Majdal Anjar (; also transliterated Majdel Anjar) is a village of Beqaa Governorate, Lebanon. Majdal Anjar is an overwhelmingly Sunni Muslim town.

History
In 1838, Eli Smith noted  Mejdel 'Anjar   as a Sunni Muslim village in the Beqaa Valley.

Geography
Majdal Anjar is one of  the Bekaa Valley towns of the east. It is located on the international road linking Beirut and Damascus. It is exactly located at the borders of Lebanon and Syria which is referred to the  "Masnaa". About 55 km from the Capital of Lebanon and 57 kilometers from Damascus. Rise of 970 m above sea level. An area of 25,642,775 square meters. A population of about 25,000 people. It borders Sawiri from east and south, Anjar from north and Dakwi and Rawda from west. Each year this village grows more expand towards the north side.

Agriculture
The most important crops are cereals, including: wheat, barley, lentil, grapes, potatoes, beets, nuts, peaches apricots, cherry, pomegranate, almonds, olives, raspberries, apples, onions, tomatoes, zucchini, cabbage, cauliflower, watermelon, lettuce, radishes, parsley, Mint, garlic, beans, kidney beans, etc.

Industry
Nothing more than a simple primitive industry, and food industry, including bread, sugar, flour, and the construction industry. A sugar factory was founded in 1958 in Majdal Anjar, and that was an important turning point in terms of leading to the evolution of this remarkable plant in the cultivation of sugar beets and  the sugar industry.

Trade
The town of Majdal Anjar, is significant, as it is a complex interaction between Lebanon and the Arab states, making it a remarkable trade center in Bekaa. There are many custom offices along the border region, as well as the numerous shops and markets located along the international road. This prompts trade, plants industry, clothing,  electronic parts importer, antiques, and so much more.

Tourism
The castle of the town has attracted many tourists throughout the years, Arabs and foreigners, in addition to the arranged school trips from various regions of Lebanon.

History
Majdal Anjar has a great significance in the old history since it is located at the entrance of the city of Damascus and what surrounds it (valley and mountain-walled great hills).

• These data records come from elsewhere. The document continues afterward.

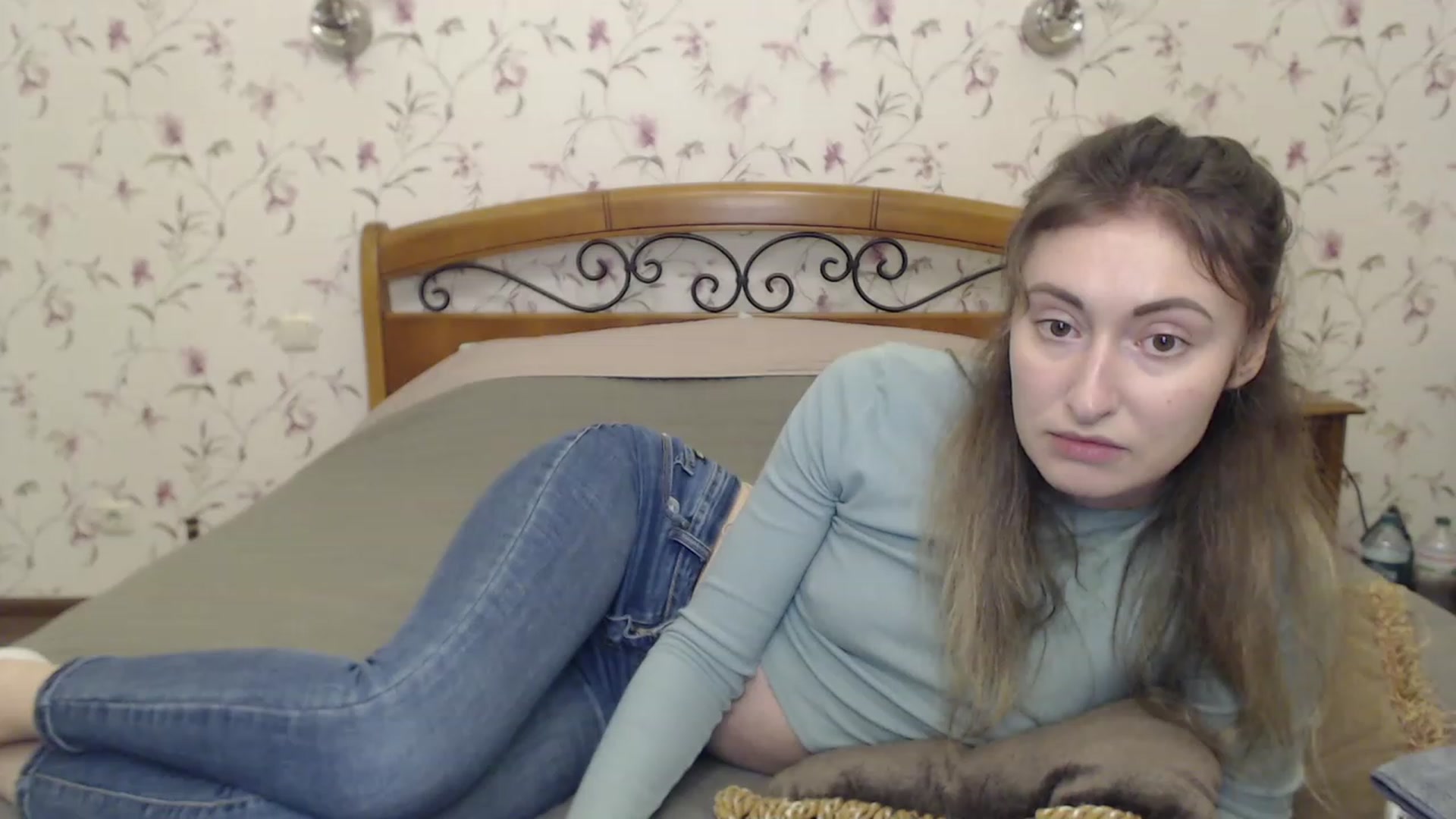 Gallery image thumbnail from Veronica_4u's myfreecams stream on, 03/25/2023, 18:21 image 17 of 20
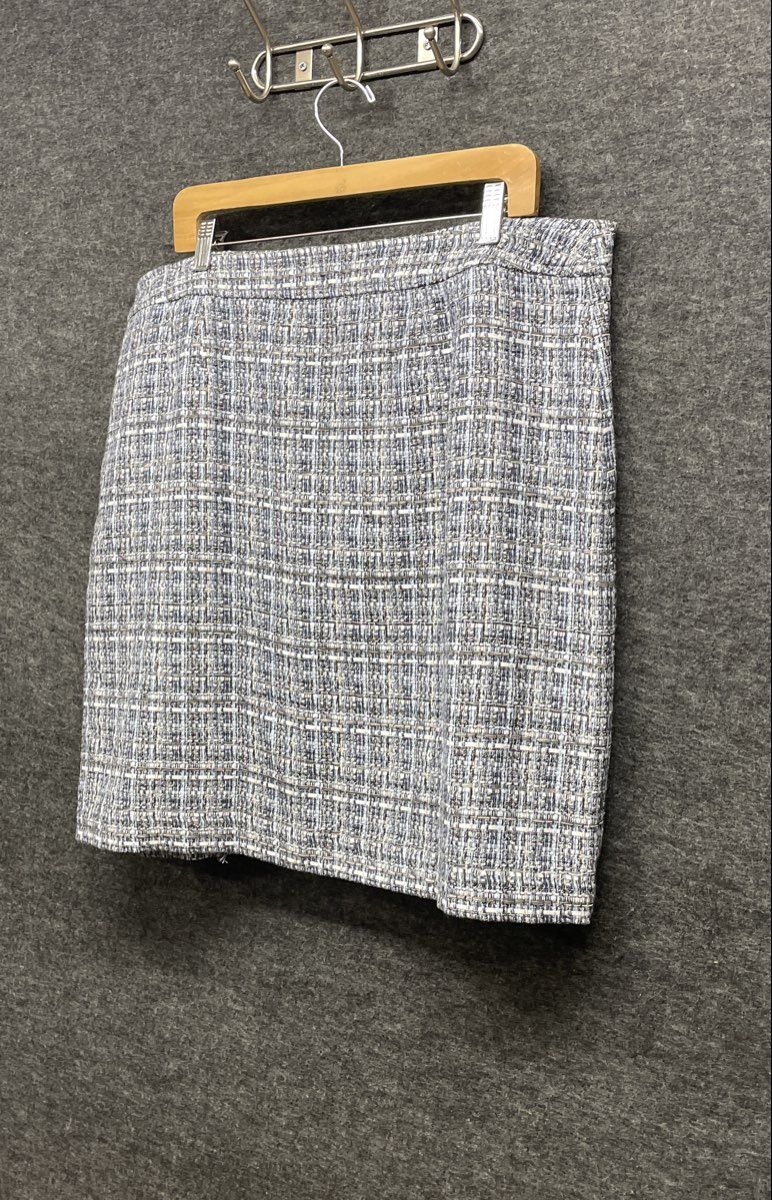 Talbots Women's Blue Gray Tweed Fringed Button Detail Mini Skirt Size 18 NWT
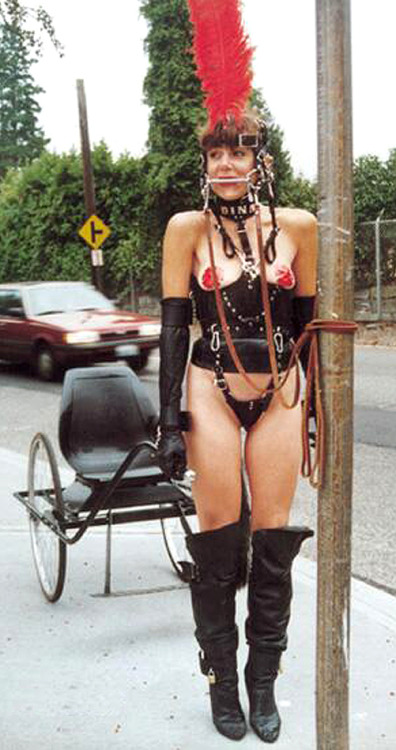 myladystattfort:fetishfashionvictim:ParkingSan Fran many years ago, when the internet was new. Alway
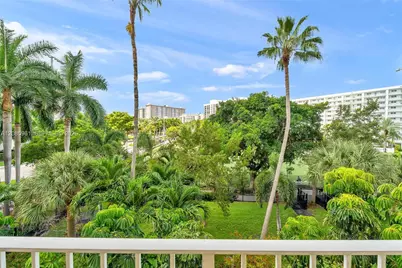 200 178th Dr #409, Sunny Isles Beach, FL 33160 - Photo 3
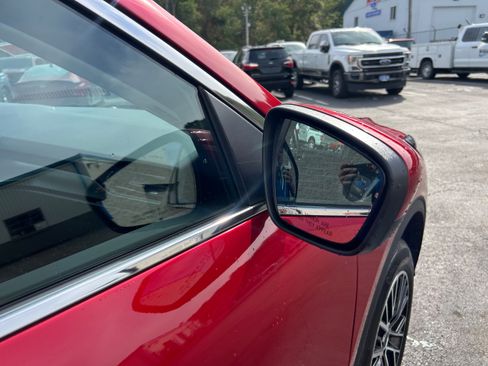 New 2025 Ford Escape SE image 34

The town contains an old mosque called "Omar bin al-Khattab," built by Walid bin Abdul Malik bin Marwan. Majdal Anjar is famous by its ancient cathedral, called today "the castle" and located on the flat plateau called "Al Hosen".

Archaeology
Majdel Anjar I is a very large site,  northwest of the village where Jesuit archaeologist, Auguste Bergy found numerous flint tools that dated to various periods. He identified a Heavy Neolithic assemblage of the Qaraoun culture that consisted of chisels, axes cores and other debris.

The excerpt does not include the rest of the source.